Once the pictures are set aside, copy everything else in the records exactly.

■ ■ ■ ■ ■ ■ ■

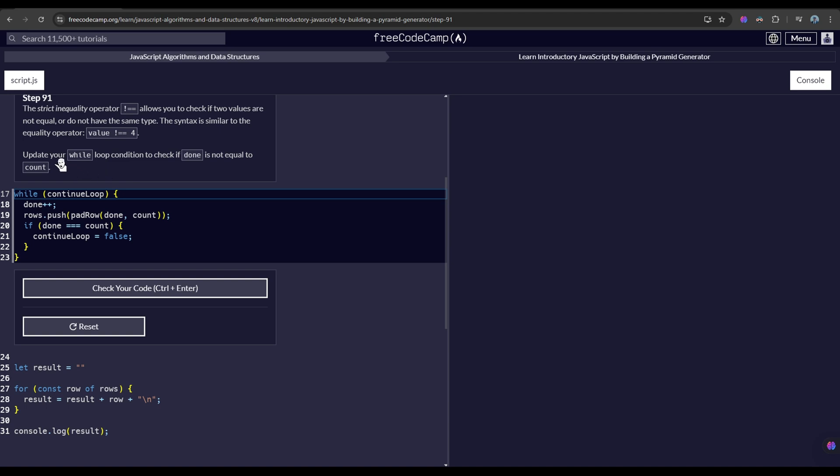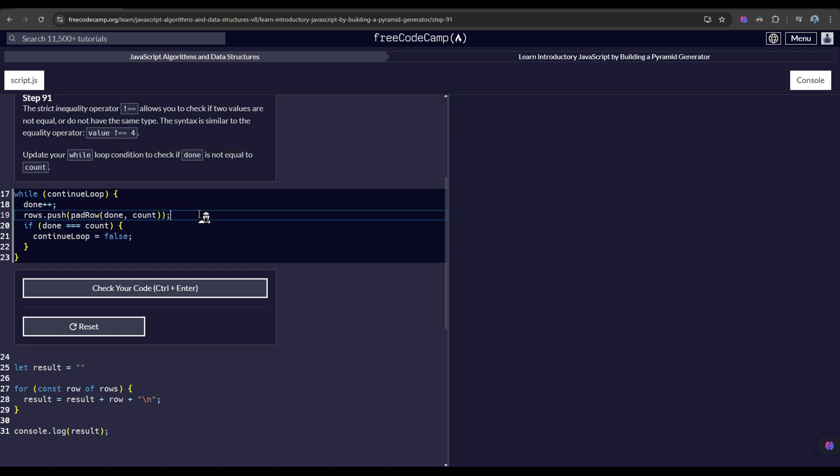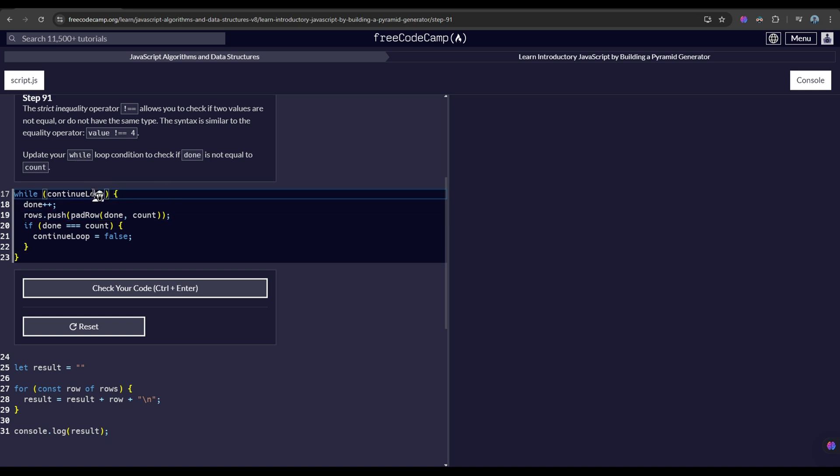It says here we have to update our while loop condition to check if done is not equal to count. Now, we may modify this if condition, but the instruction did not say we have to update our if code block in our while loop. It says update our while loop condition, so it is referring to this condition, continue loop.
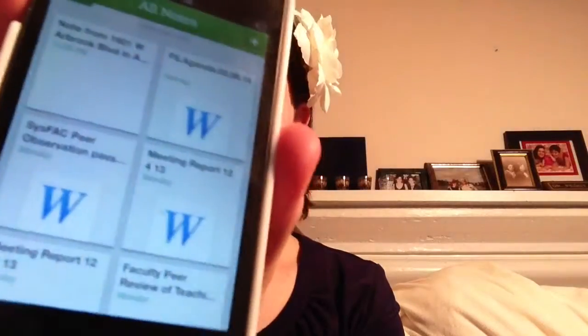Evernote is a note-taking and archiving app. With this I can archive Word documents, PDF files, photographs, and audio memos — so it supports a variety of media.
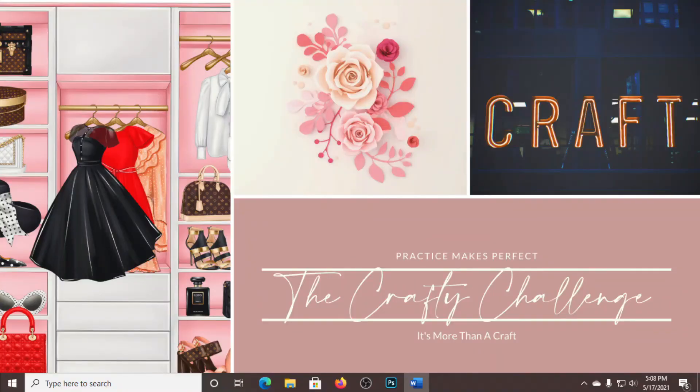Well, that wraps up this episode of the Crafty Challenge. I hope you liked this video. If you did, please like, share, subscribe. Until the next video, have a blessed time.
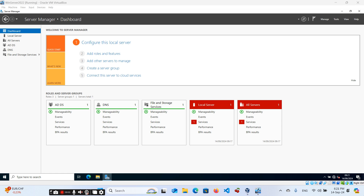Welcome back to my channel. This is Part 3 of our Windows Services series. In this video, I will walk you through configuring a DNS server on Windows Server 2022. DNS, or Domain Name System, is essential for translating easy-to-remember domain names into IP addresses, allowing users to find and connect to websites and services quickly. Let me explain what a DNS server is and how it works.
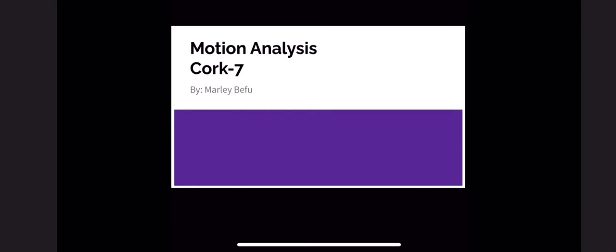Hi, my name is Marlee Befu and I'm doing motion analysis for a cork 7 for my SportsMed 3 project.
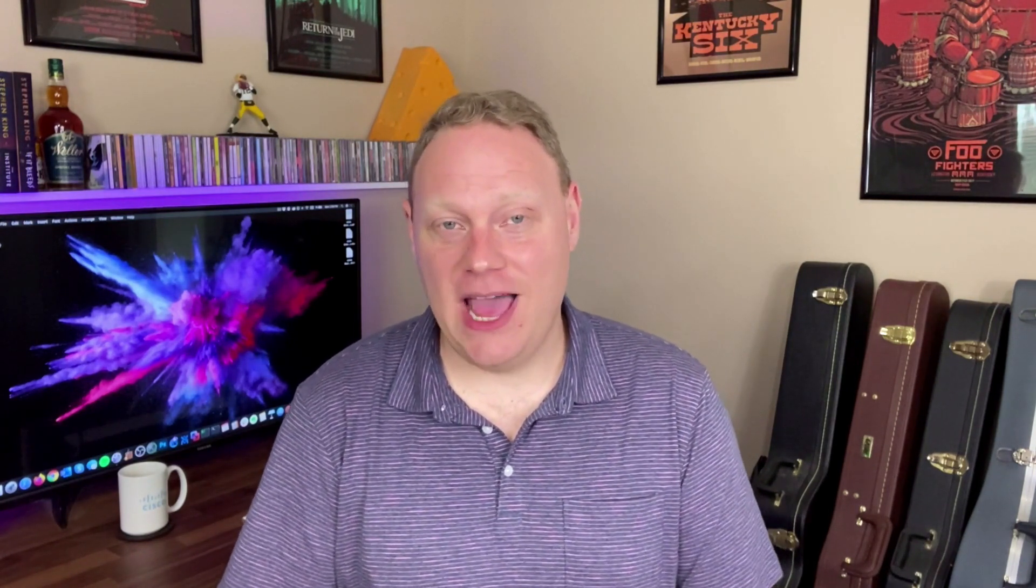Both of those are Layer 2 Link Layer Protocols, and they help us discover directly connected neighboring devices. So first, let's compare those protocols, and then we'll jump into a lab topology and see how that can be useful during the lab exam.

■ ■ ■ ■ ■ ■ ■

* Final answer *
It says here we have to update our while loop condition to check if done is not equal to count. Now, we may modify this if condition, but the instruction did not say we have to update our if code block in our while loop. It says update our while loop condition, so it is referring to this condition, continue loop.
Evernote is a note-taking and archiving app. With this I can archive Word documents, PDF files, photographs, and audio memos — so it supports a variety of media.
Well, that wraps up this episode of the Crafty Challenge. I hope you liked this video. If you did, please like, share, subscribe. Until the next video, have a blessed time.
Welcome back to my channel. This is Part 3 of our Windows Services series. In this video, I will walk you through configuring a DNS server on Windows Server 2022. DNS, or Domain Name System, is essential for translating easy-to-remember domain names into IP addresses, allowing users to find and connect to websites and services quickly. Let me explain what a DNS server is and how it works.
Hi, my name is Marlee Befu and I'm doing motion analysis for a cork 7 for my SportsMed 3 project.
Both of those are Layer 2 Link Layer Protocols, and they help us discover directly connected neighboring devices. So first, let's compare those protocols, and then we'll jump into a lab topology and see how that can be useful during the lab exam.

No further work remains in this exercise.